Content starts
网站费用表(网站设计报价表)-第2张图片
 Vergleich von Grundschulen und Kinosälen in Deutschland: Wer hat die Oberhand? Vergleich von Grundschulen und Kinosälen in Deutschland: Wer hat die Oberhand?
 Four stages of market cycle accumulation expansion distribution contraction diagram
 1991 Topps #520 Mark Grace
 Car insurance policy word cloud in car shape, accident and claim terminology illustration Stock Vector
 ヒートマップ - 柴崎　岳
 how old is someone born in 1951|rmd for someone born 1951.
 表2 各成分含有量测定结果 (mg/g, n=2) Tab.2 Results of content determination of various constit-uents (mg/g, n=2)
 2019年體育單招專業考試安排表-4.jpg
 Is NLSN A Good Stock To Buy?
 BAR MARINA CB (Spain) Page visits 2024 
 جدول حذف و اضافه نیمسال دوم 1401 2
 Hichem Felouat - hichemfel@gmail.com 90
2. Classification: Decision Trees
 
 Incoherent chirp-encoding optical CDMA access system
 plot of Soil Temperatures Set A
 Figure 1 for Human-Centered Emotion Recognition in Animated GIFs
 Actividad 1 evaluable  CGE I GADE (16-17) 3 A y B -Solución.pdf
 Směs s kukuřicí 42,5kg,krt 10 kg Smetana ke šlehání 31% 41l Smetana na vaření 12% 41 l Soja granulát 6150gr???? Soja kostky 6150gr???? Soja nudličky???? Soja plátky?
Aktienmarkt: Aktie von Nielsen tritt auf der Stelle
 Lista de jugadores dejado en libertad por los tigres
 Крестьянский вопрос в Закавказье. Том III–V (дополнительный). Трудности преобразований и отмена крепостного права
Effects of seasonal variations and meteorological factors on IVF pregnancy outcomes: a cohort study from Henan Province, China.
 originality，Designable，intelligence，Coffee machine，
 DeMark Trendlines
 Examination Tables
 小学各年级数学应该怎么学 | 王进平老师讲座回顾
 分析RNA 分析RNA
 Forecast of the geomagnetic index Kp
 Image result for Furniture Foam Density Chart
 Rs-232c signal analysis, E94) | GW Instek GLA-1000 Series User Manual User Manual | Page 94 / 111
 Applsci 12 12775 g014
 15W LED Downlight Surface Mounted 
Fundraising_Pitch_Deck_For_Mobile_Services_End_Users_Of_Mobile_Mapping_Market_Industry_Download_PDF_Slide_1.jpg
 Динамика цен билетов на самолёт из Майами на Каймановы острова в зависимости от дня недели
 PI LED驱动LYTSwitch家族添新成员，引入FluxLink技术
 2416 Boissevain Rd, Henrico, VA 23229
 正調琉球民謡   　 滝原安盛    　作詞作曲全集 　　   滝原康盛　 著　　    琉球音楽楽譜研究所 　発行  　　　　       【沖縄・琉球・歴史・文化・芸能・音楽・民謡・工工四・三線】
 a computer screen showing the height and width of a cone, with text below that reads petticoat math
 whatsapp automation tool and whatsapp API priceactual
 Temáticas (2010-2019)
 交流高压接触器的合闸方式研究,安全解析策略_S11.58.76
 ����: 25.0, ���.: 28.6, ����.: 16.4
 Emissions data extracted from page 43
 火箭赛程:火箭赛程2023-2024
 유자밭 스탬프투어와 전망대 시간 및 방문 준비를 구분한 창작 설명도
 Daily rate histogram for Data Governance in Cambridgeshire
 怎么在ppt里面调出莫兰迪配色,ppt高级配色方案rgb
Content ends
• _EXERCISE DIRECTIONS_:
Look over the records above and say, with no extra words, how many lines include "Stock".

• _SOLUTION_:
2